Closed xiaoshimeng closed 10 months ago
Could you please show me the log file? I haven't encoutered this issue before.
I have uploaded the log.txt file, but there are only three contents of epoch in it. At that time, WER and loss were always very large, so the training was terminated. I hope you can give me your advice.
I notice that your feeder mode is 'test'. I haven't observed other differences but there may exist some. I also upload my log.txt which you can refer to. You can choose to reduce the lr by half from 0.0001 to 0.00005, and change the lr deacying rate (gamma in the 'optimizer.py') from 0.2 to 0.5.
Thank you very much.
Hello, if I want to train CorrNet on CSL-Daily, do I need to change the model structure as I did in Readme to evaluate CSL-Daily?
I set CorrNet like that to save meomory. If you have enough memory, you don't need to change the network structure.
In your paper, does CSL-Daily WER modify the network structure or does it come out without modifying the network structure?
The WER is reported with only two proposed modules (the modified network structure).
What I mean is that the original two modules have been modified as shown in the picture above.
Originally, CorrNet has three modules. For CSL-Daily, we only keep two due to memory constraint and report its WER in the paper. You can try using all three module if the memory is enough.

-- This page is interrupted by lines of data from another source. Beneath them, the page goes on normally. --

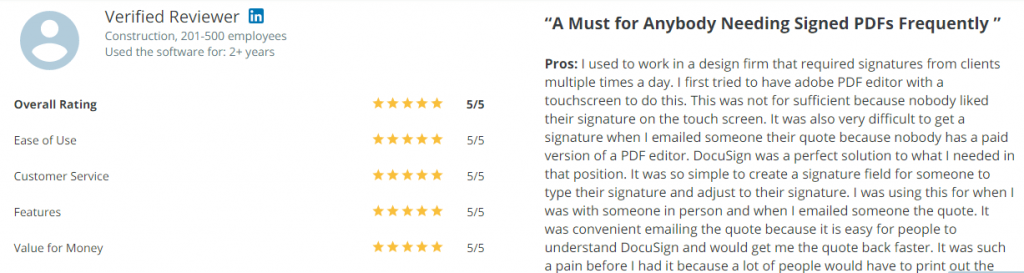 DocuSign review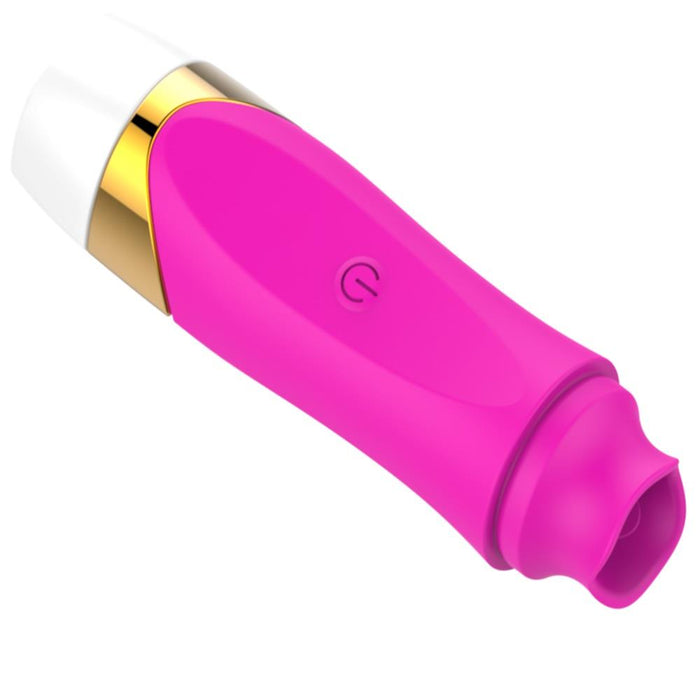 Love2b Premium Mini 12 Setting Clitoral Tongue Sucking Vibrator, Rechargeable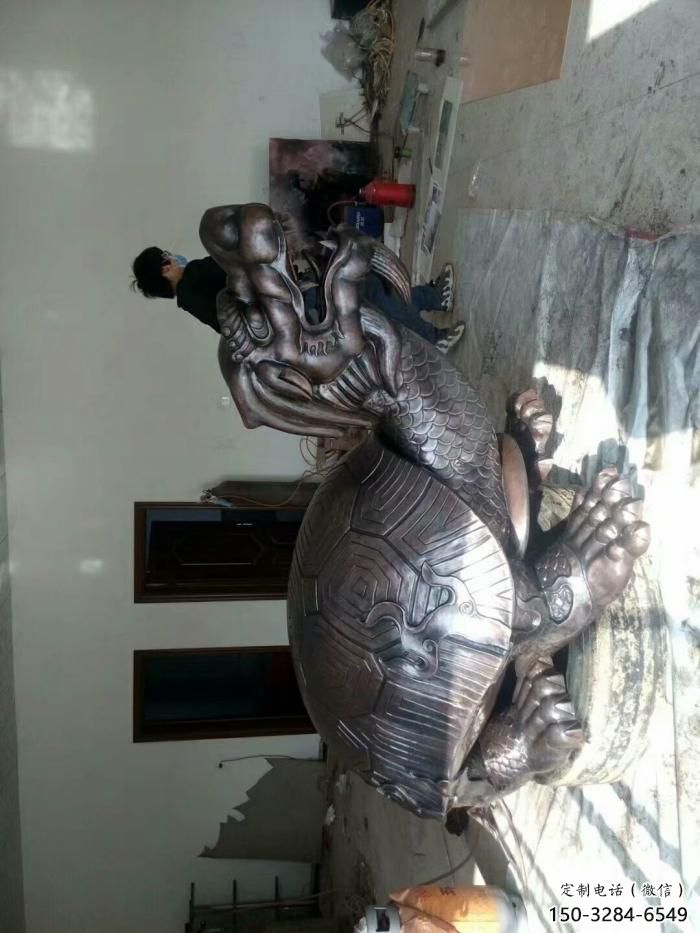 提供烏龜雕塑，神獸動物擺件，鑄銅工藝制作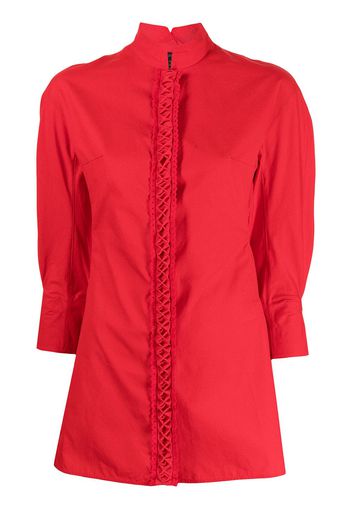 SHIATZY CHEN Camicia con colletto alla coreana - Rosso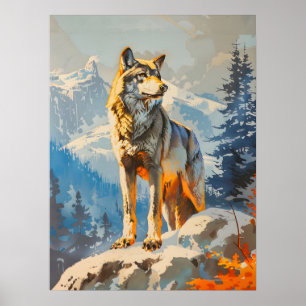 Affiche Loup majestueux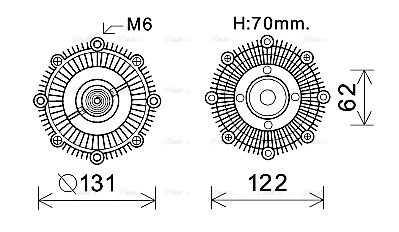 Clutch, radiator fan (TOC592)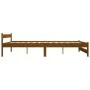 Honey brown pine solid wood bed frame 180x200 cm by vidaXL, Beds and slatted bases - Ref: Foro24-322010, Price: 154,64 €, Dis...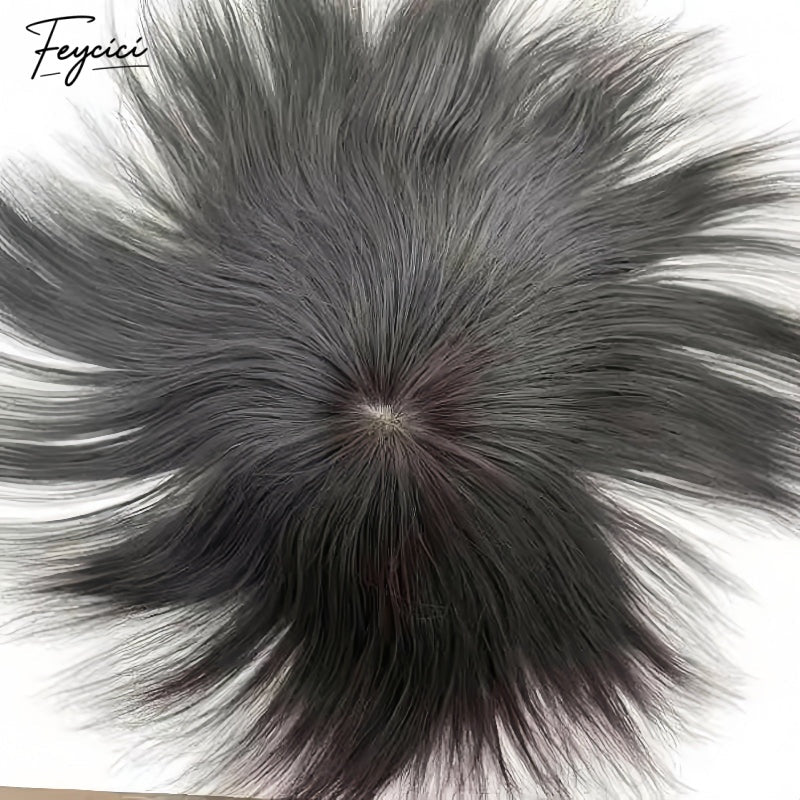 FeyciciLaceTopWithPUDurableInvisibleMultipleSizeNaturalBlackMensToupee_5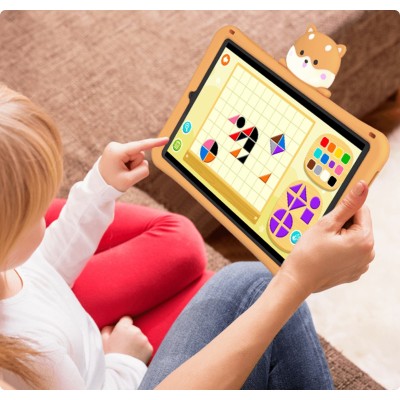 Планшет Doogee T20 mini Kids 8.4" 4ГБ, 128ГБ, LTE, 5060мА•г, Android, жовтий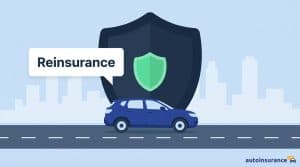 graphic of a car driving in front of a huge shield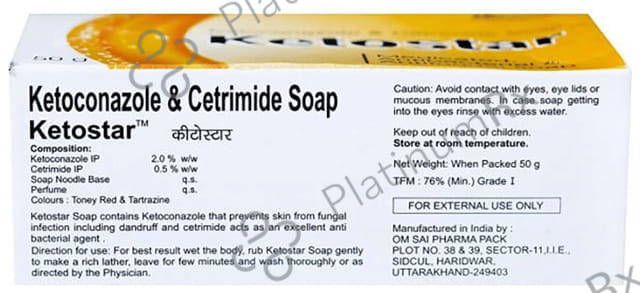 Ketostar Soap 50gm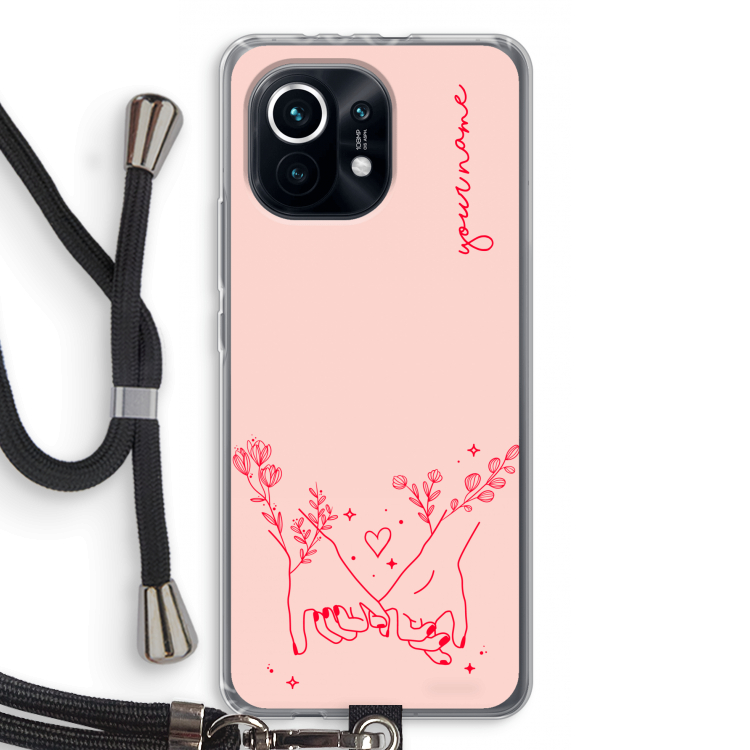 Best Friends: Xiaomi Mi 11 Transparant Hoesje met koord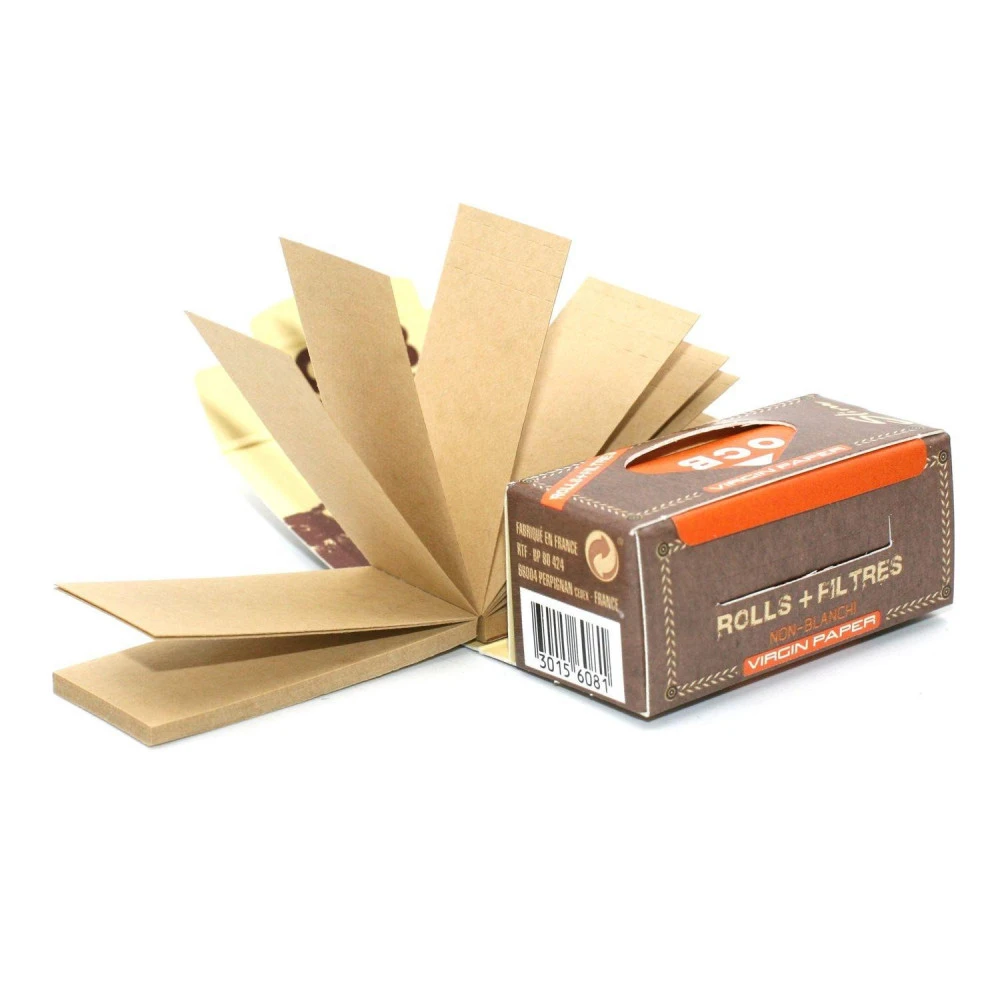 Boite de 16 Rouleaux de Feuilles Virgin Paper + Filtres (Rolls) Slim - OCB Non Blanchi Boite De 16 Rouleaux De Feuilles Virgin Paper + Filtres (Rolls) Slim - OCB Non Blanchi -Magasin De Fournitures Pour Fumeurs boite de 16 rouleaux de feuilles virgin paper filtres rolls slim ocb non blanchi 3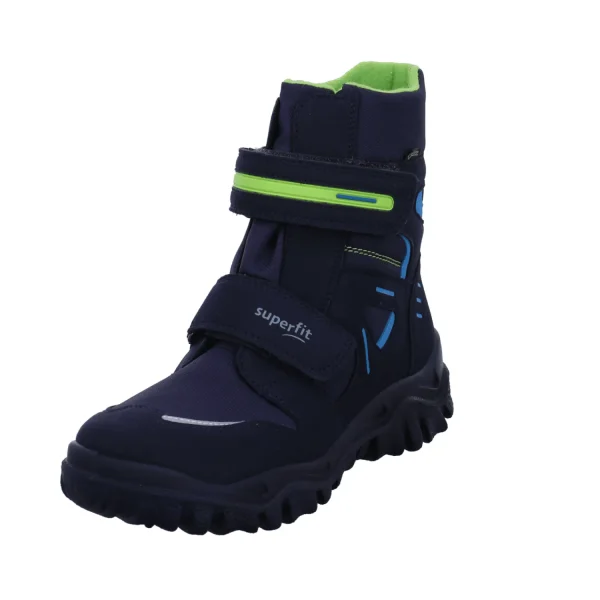 Outlet Superfit Kids Stiefel warm BLAU/GRÜN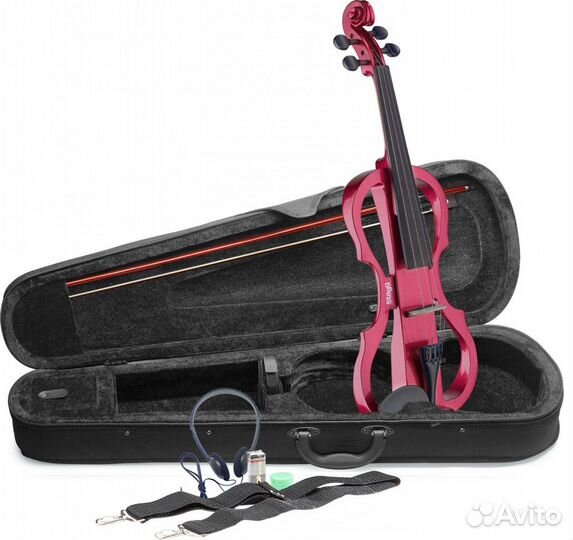 Электроскрипка Stagg EVN X-4/4 MRD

I see. Thank you very much for your answer.
I notice that your feeder mode is 'test'. I haven't observed other differences but there may exist some. I also upload my log.txt which you can refer to. You can choose to reduce the lr by half from 0.0001 to 0.00005, and change the lr deacying rate (gamma in the 'optimizer.py') from 0.2 to 0.5.
Hello,I'm training the phoenix2014 datasets right now, but find it takes a long time, could you share your log.txt?
I notice that your feeder mode is 'test'. I haven't observed other differences but there may exist some. I also upload my log.txt which you can refer to. You can choose to reduce the lr by half from 0.0001 to 0.00005, and change the lr deacying rate (gamma in the 'optimizer.py') from 0.2 to 0.5.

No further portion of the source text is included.